Your school may have its own template for unit plans.

People and society make many decisions relating to food without considering the ethical aspects of the decision. This unit looks at the ethics of a food-related decision. In doing this analysis, students will use essential critical thinking tools that can be used now and in the future.

Depending on the context of the ethical dilemma, this unit links to the level 8 NZC achievement objectives C2, D1, D2, D3, and D4. 

The unit is based on the underlying curriculum concepts of the sociological perspective, attitudes and values, health promotion, and well-being.

Possible assessment

The following achievement standards could be used to assess this unit:

  • AS91468 Home economics 3.3: Analyse a food related ethical dilemma for New Zealand society
  • AS91469 Home economics 3.4: Investigate the influence of multinational food corporations on eating patterns in New Zealand
  • AS91470 Home economics 3.5: Evaluate conflicting nutritional information relevant to well-being in New Zealand society

Learning activities

It is important to have an engaging activity to generate interest in the learning to come. Video clips (for example, from YouTube) can provide a springboard.

Repeat some of the steps in the action competence cycle (using a different context), such as using the thinking tools to reinforce the learning.

Unit plan: Who cares?

Learning intention 1 | 2 | 3 | 4 | 5 | 6 | 7

Learning intention 1

Students will decipher the language in this unit of learning.

Questions to unpack learning intentions

Define some of the key terms:

  • ethics
  • dilemma
  • stakeholders
  • attitudes
  • values
  • beliefs
  • analyse
  • evaluate
  • social justice.

What are the different ways in which ethics can be viewed?

Define an ethical dilemma.

Possible learning activities

Recap students’ knowledge on the determinants of health from previous learning by using interactive activities such as a jigsaw activity or home and expert groups. 

Think, pair, share, and compare.

Matching.

Literacy activity for deeper learning of the concept of “ethics”.

Expert jigsaw.

True/false statement – what type of ethics does it best fit?

Possible lesson allocation

Four lessons.

Learning intention 2

Students will analyse the ethical thinking tools.

Questions to unpack learning intentions

How can the different question frames on the Biotechnology Learning Hub be used to create a deeper understanding of an ethical dilemma?

Possible learning activities

Examine an ethical dilemma using a range of ethical thinking tools. Use graphic organisers and the online biotechnology learning tool.

Possible lesson allocation

Three to five lessons.

Learning intention 3

Students will apply the ethical thinking tools to a chosen context.

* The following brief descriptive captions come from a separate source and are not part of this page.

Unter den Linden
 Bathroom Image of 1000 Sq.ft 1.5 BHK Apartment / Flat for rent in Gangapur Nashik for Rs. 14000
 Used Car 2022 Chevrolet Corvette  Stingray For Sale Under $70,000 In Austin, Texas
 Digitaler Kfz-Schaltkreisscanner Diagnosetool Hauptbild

Questions to unpack learning intentions

What do you know about this situation?

How have you come to know this?

Which tools will be the best set for this dilemma?

Apply the tools to analyse the ethical dilemma.

Possible lesson allocation

Five lessons.

Learning intention 4

Students will examine the evidence of the viewpoints of stakeholders involved in the chosen dilemma.

Questions to unpack learning intentions

What are the opposing viewpoints for and against this ethical dilemma?

What evidence is there to support these views?

Possible lesson allocation

Four to five lessons.

Learning intention 5

Students will analyse the attitudes and values that underpin their viewpoints.

Questions to unpack learning intentions

What beliefs and values do the stakeholders have?

Where do these beliefs and values come from?

Why do the stakeholders hold these views?

Possible lesson allocation

Three lessons.

Learning intention 6

Students will relate the ethical dilemma to health promotion models (if it applies).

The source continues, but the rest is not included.